The records
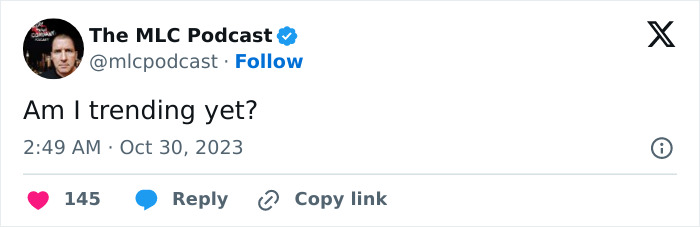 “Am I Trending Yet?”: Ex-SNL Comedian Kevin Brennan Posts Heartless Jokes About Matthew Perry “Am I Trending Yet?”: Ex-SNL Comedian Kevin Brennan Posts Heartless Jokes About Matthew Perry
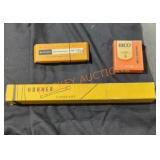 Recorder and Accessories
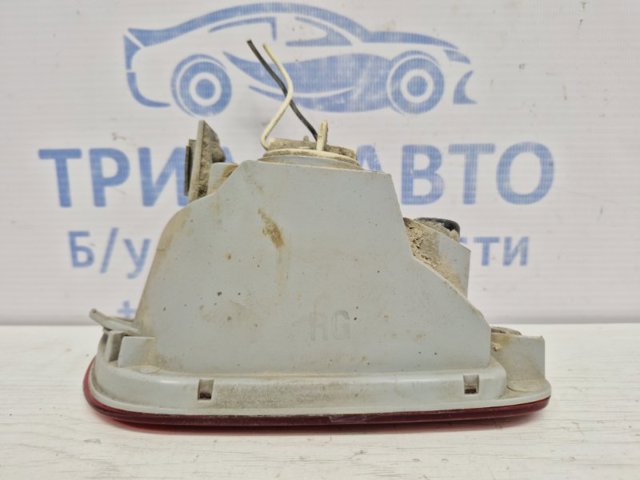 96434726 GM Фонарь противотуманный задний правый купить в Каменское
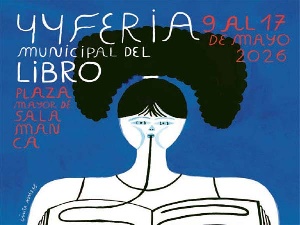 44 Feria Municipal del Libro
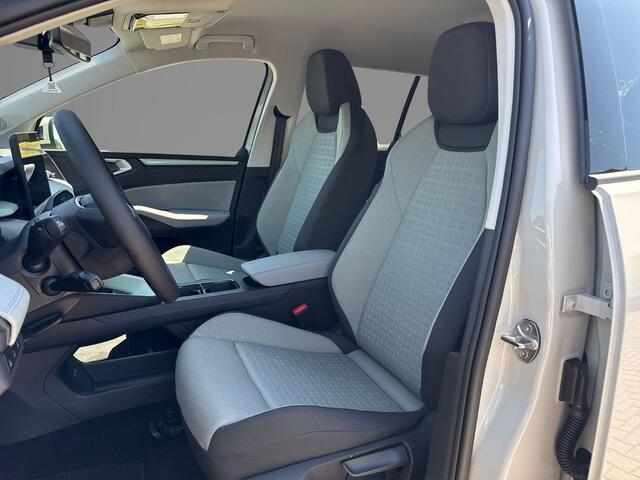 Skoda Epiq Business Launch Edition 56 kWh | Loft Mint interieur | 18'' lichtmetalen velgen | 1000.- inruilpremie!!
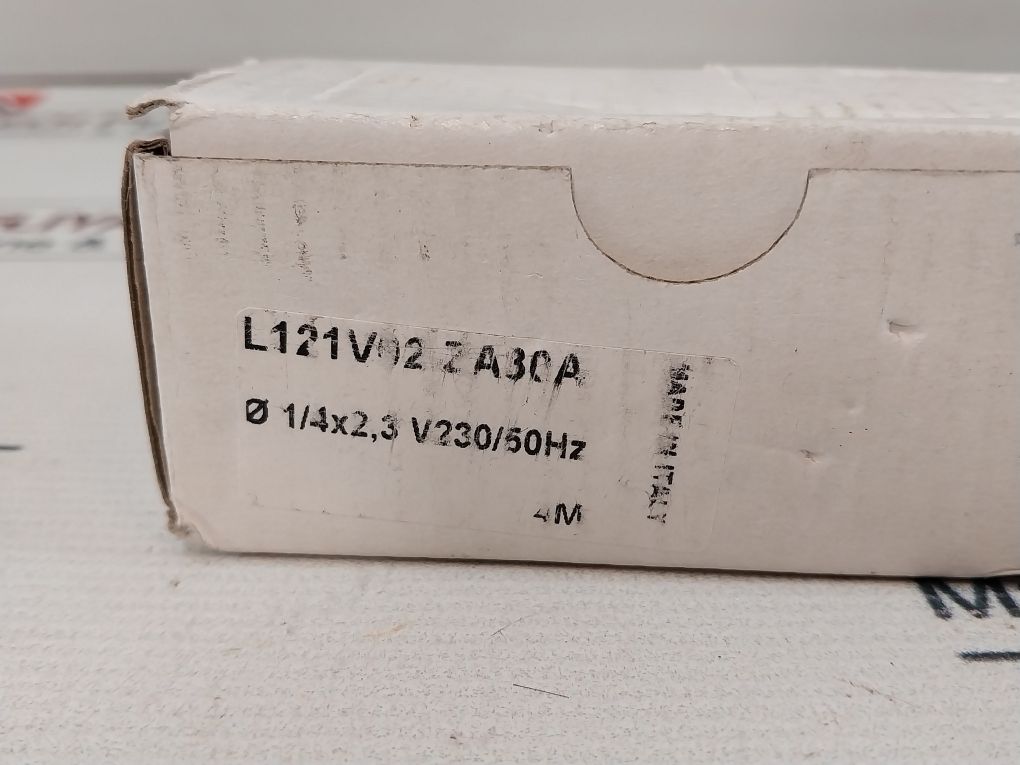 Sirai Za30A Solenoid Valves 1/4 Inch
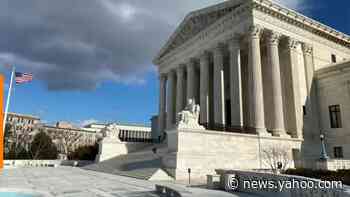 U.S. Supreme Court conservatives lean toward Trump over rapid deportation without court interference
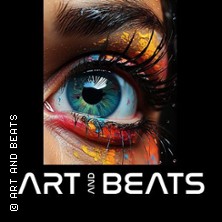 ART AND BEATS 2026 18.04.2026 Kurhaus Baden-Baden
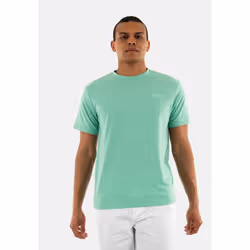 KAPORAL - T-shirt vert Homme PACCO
==
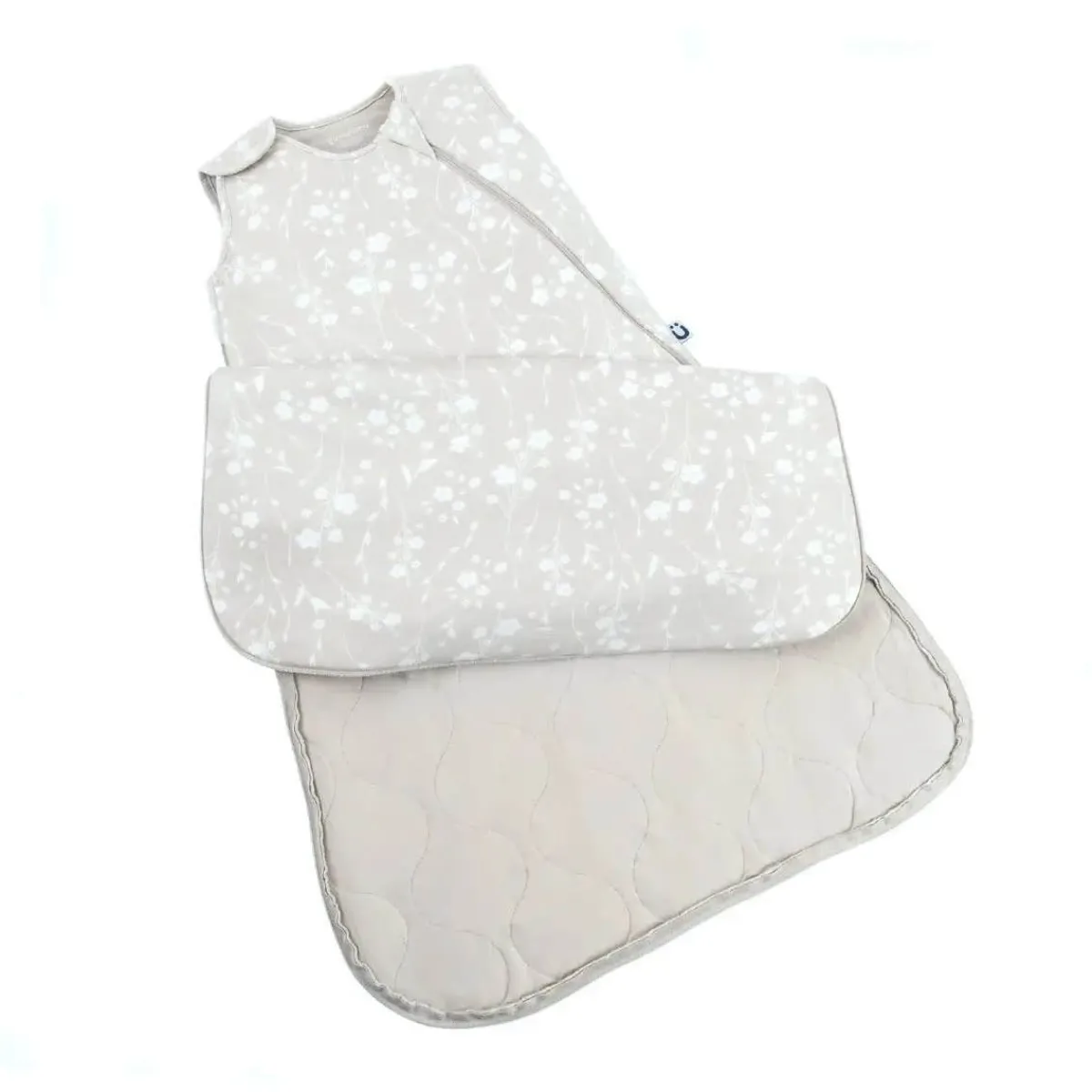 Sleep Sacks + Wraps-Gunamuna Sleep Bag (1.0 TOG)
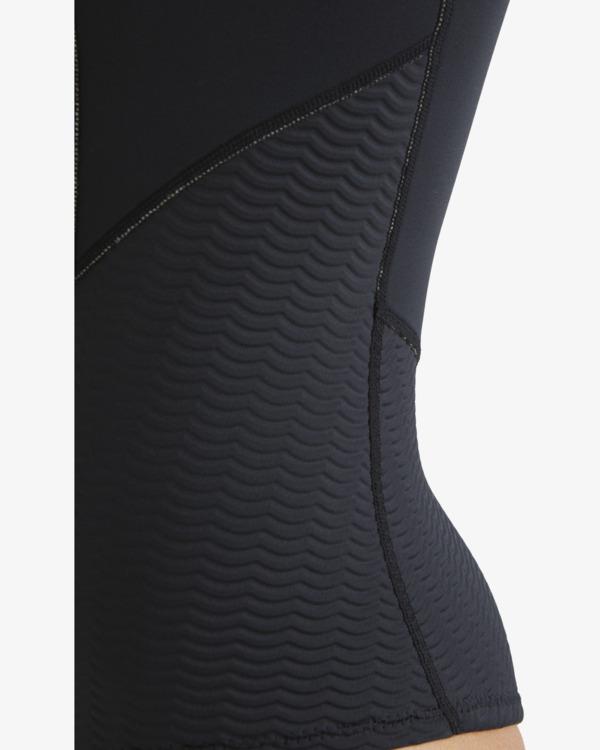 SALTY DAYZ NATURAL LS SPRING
==
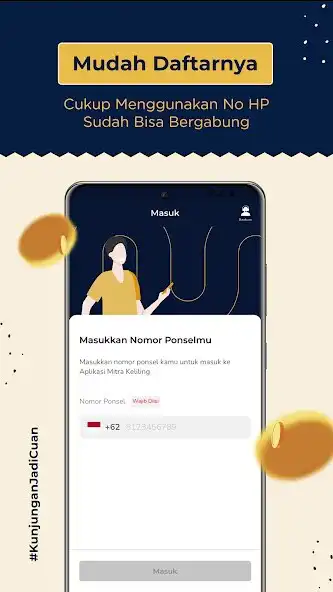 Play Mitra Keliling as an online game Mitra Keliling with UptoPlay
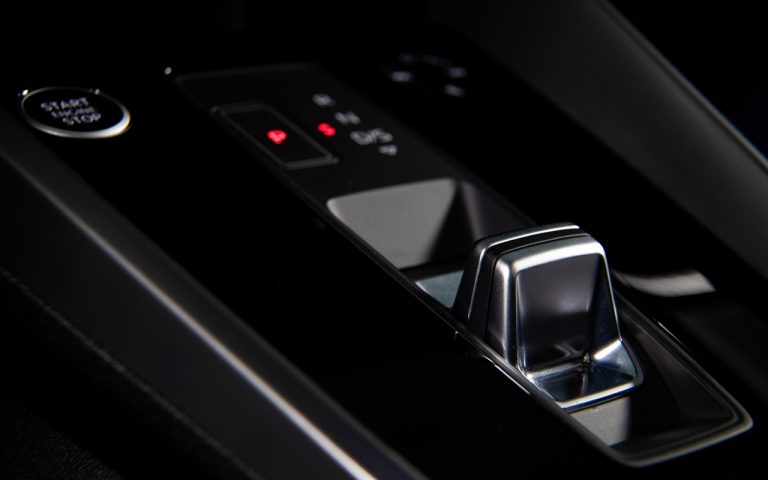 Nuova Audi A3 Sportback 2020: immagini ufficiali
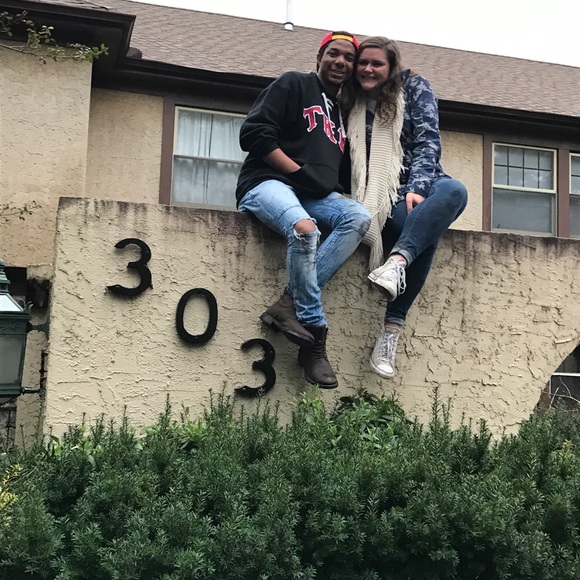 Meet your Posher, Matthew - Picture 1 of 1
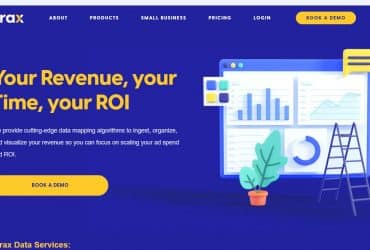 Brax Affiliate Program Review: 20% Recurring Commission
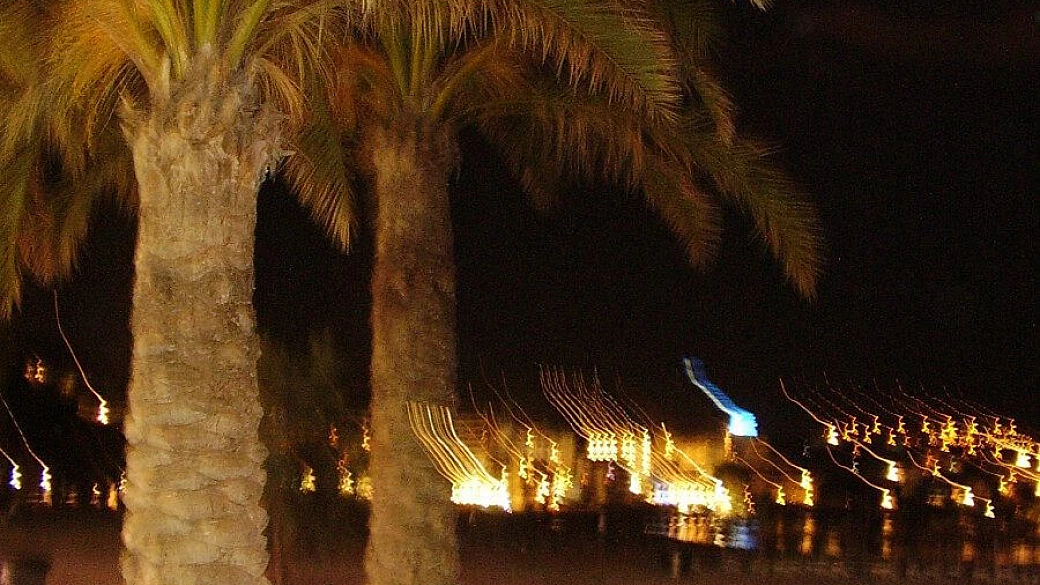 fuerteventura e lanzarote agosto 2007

What is needed
With pictures excluded, reproduce exactly the lines above from the one containing "44 Feria Municipal del Libro" down to the one containing "KAPORAL - T-shirt vert Homme PACCO", those two included.

Exercise solution
 44 Feria Municipal del Libro
 Skoda Epiq Business Launch Edition 56 kWh | Loft Mint interieur | 18'' lichtmetalen velgen | 1000.- inruilpremie!!
 Sirai Za30A Solenoid Valves 1/4 Inch
 U.S. Supreme Court conservatives lean toward Trump over rapid deportation without court interference
 ART AND BEATS 2026 18.04.2026 Kurhaus Baden-Baden
 KAPORAL - T-shirt vert Homme PACCO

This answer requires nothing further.